# Task item:
Your job is to return the whole listing unchanged while skipping its images.

# Dataset extract:
--- START ---
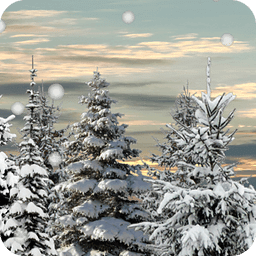 Winter Snow Trees 3D Trial LWP
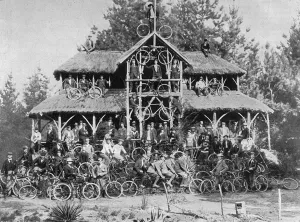 Unusual Prints: New Zealand bicycle display
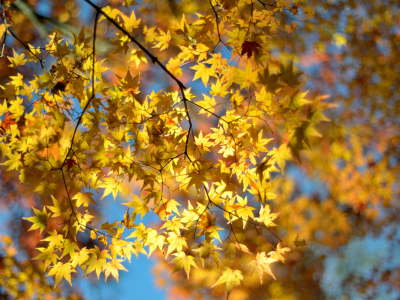 жёлтые, макро, листья, дерево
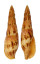 MITRIDAE MITRA INCOMPTA shell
--- END ---
# Answer area:
 Winter Snow Trees 3D Trial LWP
 Unusual Prints: New Zealand bicycle display
 жёлтые, макро, листья, дерево
 MITRIDAE MITRA INCOMPTA shell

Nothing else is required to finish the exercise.